All Spaniards prefer to speak Spanish incredibly slowly, even during the pitch of battle (“Eeeechaaaad laaaaaas aaaaanclaaaaaas!”). They however speak English at a normal speed.
Despite being born in 1566, the Infanta Isabella of Spain remained a tiny toddler well into the late 1580s.
No doubt by the same process, Queen Elizabeth continued to have an amazing ass well into her fifties.
Possibly for that reason, the intrigue as to whom she would marry and when she would produce an heir far outlasted her fertility. Nevertheless, she thought it advisable to go horseback riding alone with some random explorer.
Well huh. You learn something new every day.
Although no Americans were part of the lucky 76 who escaped (most of whom were recaptured), Americans did help dig the tunnels, but were relocated to a new camp before the escape effort was made. I have had the honor of meeting one of the American prisoners who hellped by hiding dirt.
Do you mean Year One?
Ah, but you don’t know THE SECRET HISTORY!!! 

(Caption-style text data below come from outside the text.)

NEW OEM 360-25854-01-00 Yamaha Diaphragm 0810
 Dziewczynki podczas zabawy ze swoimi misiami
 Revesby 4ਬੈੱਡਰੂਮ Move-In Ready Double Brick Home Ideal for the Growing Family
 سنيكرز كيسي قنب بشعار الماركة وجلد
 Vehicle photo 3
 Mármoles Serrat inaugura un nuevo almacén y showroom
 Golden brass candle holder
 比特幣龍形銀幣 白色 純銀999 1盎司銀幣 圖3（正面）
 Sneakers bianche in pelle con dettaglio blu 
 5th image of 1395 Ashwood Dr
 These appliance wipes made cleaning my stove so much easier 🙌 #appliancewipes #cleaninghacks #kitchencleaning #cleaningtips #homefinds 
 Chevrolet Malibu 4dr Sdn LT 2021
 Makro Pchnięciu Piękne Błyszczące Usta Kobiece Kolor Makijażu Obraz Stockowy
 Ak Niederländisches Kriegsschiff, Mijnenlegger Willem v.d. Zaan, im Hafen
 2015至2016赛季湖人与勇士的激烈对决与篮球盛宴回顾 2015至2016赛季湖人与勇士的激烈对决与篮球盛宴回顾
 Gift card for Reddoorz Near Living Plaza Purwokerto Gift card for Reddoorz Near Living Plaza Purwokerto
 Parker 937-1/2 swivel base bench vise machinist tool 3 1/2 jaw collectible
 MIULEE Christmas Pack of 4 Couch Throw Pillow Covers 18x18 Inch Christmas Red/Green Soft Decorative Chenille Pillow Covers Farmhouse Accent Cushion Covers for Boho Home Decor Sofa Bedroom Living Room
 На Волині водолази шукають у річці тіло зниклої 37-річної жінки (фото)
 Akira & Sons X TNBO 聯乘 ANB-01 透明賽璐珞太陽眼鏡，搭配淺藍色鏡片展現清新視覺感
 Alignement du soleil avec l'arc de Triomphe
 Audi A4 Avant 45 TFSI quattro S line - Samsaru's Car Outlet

I guess I should contribute here- the DeMille-Heston THE TEN COMMANDMENTS has the original Passover occur on a Half-Moon night. The Hebrew calendar being lunar, every month begins with the first hint of the new moon and the middle of the month being a full-moon. The Passover is always mid-month.
See Post #18, above.
And that’s no different from doing a history of Hans Christian Andersen that ignored any historical facts about him. But HCA didn’t pretend to be accurate; Mad Men does.
It’s especially bad when they use an anachronism as a major plot point. That’s just cheap writing. You could write a great movie where the air force saves Custer, but it’s not historically accurate.
Mad Men is filled with major misrepresentations of the era it’s supposed to portray, and often uses these as a cheap shortcut in storytelling. It’s quite clear that the creators really have no idea of what the era was like, yet construct plots around their lack of knowledge (and yes, I lived through the era, too).
Word to the wise: never think the information given in movies and Mad Magazine accurately reflects reality (Mad had constant jokes about teenagers kissing and their braces locking together, something that probably never happened). The problem is that the producers of Mad Men get their knowledge from Hollywood and Mad Magazine, and pretend they are portraying a historical era.
Another thing they got wrong was that Rasputin was never cast out by the Tsar, but remained a royal favorite all his life – and even after his death. When the Germans were winning WWI on the Russian front and everything was falling to pieces, Alexandra was writing letters to Nicholas saying, in essence, “If only our Dear Friend [Rasputin] were still with us! He would know what to do!”